Wie Evolutionsbiologie zu besserem Babyschlaf beitragen kann
Basierend auf evolutionsbiologischem Wissen können folgende Ratschläge an Eltern gegeben werden:
- Körperliche Nähe ist für eine gesunde psychische und physische Entwicklung essentiell und hilft Kindern dabei sich zu entspannen. Auch wenn Babys ihre Mütter beziehungsweise Väter zum Einschlafen brauchen, werden sie später trotzdem selbständig werden. Tragen, Stillen und Ausruhen auf der Brust geben ihnen den Schutz und die Sicherheit, die sie benötigen.
- Ein Verständnis der Biologie des normalen Säuglingsschlafs kann Eltern helfen, mit den verschiedenen Aspekten des Babyschlafs besser umzugehen und ihn mit dem Schlafrhythmus der Familie zu koordinieren. Babys entwickeln einen zirkadianen Schlafrhythmus. Das bedeutet, dass sie ihren Wach- und Schlafrhythmus an Licht und Dunkelheit anpassen. Wenn man Babys früh am Tag dem Tageslicht aussetzt und lange Nickerchen in einem abgedunkelten Raum während des Tages meidet (z. B. wenn das Stillen unter Tags mit zusätzlichen Schmuse- und Spieleinheiten unter Tageslicht ergänzt wird), schlafen sie nachts besser durch. Auch wenn man die Schlafenszeit des Säuglings auf einen späteren Zeitpunkt am Abend verschiebt, können Eltern davon profitieren. Denn dadurch stimmt sich ihr eigener Schlaf auf die längste Schlafperiode des Babys ab.

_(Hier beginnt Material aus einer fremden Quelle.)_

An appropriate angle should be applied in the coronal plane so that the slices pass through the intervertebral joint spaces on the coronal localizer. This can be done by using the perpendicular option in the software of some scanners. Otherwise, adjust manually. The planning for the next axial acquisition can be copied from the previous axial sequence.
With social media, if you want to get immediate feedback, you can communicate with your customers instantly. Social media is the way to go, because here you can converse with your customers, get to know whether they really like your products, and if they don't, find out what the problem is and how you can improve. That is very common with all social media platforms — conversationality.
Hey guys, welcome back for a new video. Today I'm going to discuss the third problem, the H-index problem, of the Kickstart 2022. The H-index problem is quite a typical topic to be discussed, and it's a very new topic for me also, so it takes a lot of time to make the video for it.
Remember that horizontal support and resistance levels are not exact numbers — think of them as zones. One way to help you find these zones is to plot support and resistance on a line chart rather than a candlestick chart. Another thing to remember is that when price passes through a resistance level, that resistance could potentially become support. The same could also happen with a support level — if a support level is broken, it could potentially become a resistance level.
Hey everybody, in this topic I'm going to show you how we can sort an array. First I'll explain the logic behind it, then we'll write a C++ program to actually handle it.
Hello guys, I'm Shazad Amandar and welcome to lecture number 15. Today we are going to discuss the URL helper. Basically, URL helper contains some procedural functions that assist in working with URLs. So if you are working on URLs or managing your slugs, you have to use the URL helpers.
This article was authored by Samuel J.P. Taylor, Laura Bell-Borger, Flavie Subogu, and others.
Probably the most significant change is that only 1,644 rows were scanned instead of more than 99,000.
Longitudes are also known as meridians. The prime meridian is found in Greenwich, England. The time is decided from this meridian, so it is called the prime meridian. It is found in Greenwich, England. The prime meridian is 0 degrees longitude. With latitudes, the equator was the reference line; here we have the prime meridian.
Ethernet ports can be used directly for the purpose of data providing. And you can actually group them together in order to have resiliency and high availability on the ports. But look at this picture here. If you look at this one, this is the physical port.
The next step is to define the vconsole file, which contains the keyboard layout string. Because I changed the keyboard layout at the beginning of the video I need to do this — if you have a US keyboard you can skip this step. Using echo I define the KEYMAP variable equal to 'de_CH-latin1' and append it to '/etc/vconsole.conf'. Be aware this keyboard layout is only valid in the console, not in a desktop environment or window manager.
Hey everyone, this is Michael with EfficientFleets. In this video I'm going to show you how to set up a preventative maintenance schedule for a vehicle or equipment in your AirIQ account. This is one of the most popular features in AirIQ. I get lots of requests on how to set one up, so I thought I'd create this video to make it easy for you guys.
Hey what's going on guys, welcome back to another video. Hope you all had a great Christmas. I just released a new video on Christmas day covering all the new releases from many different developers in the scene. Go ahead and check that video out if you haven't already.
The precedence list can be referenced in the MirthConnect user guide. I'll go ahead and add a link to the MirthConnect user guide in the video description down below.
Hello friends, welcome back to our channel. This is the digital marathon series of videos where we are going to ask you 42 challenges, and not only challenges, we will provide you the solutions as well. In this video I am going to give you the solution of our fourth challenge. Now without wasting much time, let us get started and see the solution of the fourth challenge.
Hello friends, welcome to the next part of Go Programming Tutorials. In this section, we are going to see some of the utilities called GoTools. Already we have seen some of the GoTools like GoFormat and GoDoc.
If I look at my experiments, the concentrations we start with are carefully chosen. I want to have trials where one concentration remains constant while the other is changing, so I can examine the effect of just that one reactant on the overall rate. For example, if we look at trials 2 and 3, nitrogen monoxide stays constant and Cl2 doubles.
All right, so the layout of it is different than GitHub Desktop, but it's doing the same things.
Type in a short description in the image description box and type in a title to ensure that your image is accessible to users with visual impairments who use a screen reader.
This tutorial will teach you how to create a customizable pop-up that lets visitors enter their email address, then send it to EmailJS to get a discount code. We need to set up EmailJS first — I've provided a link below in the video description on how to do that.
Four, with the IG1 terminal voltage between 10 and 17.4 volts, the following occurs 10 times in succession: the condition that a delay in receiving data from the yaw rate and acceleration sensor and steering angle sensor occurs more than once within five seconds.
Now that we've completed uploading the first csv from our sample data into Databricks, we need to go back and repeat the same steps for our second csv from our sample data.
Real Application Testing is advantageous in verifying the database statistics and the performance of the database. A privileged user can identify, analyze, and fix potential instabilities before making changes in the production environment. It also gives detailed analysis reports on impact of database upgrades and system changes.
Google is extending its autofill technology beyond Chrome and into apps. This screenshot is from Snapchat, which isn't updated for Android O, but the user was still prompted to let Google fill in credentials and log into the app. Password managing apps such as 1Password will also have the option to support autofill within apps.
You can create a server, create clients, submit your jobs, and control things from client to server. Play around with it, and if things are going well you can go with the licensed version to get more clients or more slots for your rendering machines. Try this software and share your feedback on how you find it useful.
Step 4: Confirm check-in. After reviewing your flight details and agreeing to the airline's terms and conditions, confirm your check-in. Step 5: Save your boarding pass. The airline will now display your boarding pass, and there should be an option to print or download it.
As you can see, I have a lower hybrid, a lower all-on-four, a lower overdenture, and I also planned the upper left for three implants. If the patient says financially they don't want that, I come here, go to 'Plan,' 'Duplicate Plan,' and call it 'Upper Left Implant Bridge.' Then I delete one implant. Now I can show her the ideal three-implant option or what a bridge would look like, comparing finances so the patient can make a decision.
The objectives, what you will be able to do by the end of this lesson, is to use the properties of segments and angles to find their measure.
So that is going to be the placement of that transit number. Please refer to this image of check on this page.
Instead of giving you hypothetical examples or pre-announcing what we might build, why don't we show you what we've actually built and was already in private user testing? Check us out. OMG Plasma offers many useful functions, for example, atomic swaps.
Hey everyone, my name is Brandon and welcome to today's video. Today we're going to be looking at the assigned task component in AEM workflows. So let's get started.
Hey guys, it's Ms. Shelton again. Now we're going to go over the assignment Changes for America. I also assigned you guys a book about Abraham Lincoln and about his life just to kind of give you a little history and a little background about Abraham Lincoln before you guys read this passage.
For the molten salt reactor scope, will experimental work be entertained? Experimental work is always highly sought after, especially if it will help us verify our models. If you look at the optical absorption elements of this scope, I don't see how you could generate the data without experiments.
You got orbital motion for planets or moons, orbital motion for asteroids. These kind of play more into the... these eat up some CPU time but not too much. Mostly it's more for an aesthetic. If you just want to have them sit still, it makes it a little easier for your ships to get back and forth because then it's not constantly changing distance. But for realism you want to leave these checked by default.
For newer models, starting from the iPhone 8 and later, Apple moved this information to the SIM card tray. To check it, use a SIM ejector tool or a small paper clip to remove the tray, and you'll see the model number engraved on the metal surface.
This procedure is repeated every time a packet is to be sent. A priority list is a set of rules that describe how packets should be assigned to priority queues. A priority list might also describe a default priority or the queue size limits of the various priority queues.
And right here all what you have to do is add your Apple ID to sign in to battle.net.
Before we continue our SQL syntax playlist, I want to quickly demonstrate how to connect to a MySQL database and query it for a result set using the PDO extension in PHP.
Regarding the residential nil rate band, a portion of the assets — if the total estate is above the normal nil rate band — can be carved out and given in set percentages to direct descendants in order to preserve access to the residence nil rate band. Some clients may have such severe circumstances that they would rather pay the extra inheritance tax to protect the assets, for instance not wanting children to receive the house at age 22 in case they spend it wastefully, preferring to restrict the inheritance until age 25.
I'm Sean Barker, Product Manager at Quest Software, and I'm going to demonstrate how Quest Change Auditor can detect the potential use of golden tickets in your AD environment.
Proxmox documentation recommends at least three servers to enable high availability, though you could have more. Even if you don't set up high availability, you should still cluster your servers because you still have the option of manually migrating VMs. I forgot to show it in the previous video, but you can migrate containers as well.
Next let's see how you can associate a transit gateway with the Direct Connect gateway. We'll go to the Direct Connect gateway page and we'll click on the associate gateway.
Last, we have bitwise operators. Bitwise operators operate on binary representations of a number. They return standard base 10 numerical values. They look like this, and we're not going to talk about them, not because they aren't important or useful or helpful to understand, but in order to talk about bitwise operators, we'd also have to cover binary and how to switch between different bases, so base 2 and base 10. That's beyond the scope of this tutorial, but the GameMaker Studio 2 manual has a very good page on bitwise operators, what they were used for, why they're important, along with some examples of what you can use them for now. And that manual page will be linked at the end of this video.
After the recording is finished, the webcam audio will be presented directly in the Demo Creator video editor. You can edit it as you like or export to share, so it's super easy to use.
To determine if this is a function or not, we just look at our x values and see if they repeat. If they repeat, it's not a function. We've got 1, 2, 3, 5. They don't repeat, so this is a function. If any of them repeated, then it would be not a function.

- Studien der Schlafforschung befassen sich mit dem nächtlichen Schlafplatz von Säuglingen. Diese zeigen, dass Co-Sleeping, also das gemeinsame Schlafen von Mutter und Kind in einem Bett, das Stillen fördert und die Gefahr des Auftretens eines plötzlichen Kindstodes senkt. Wenn Mutter und Kind in einem Bett schlafen, dann kommunizieren diese nachts so intuitiv miteinander, dass das Stillen „möglichst schlafschonend“ für die Mutter ist. Die Schlafphasen zwischen Mutter und Kind werden zu einem großen Teil so stark aufeinander abgestimmt, dass stillende Mütter viel seltener in Phasen des Tiefschlafs aufgeweckt werden. Für Eltern, die Angst haben, im Schlaf ihr Kind versehentlich zu überrollen, können nützliche Maßnahmen im Bezug auf die Sicherheit vorgenommen werden, wie z.B. Babys in Rückenlage ablegen und Alkohol und Rauch im Babyschlafzimmer vermeiden.
Allgemein ist wichtig zu betonen, dass es normal ist, wenn Schlafen mit Babys kräfteraubend ist. Babys schlafen sehr individuell und meistens wissen Eltern intuitiv, was für ihr Kind am besten ist.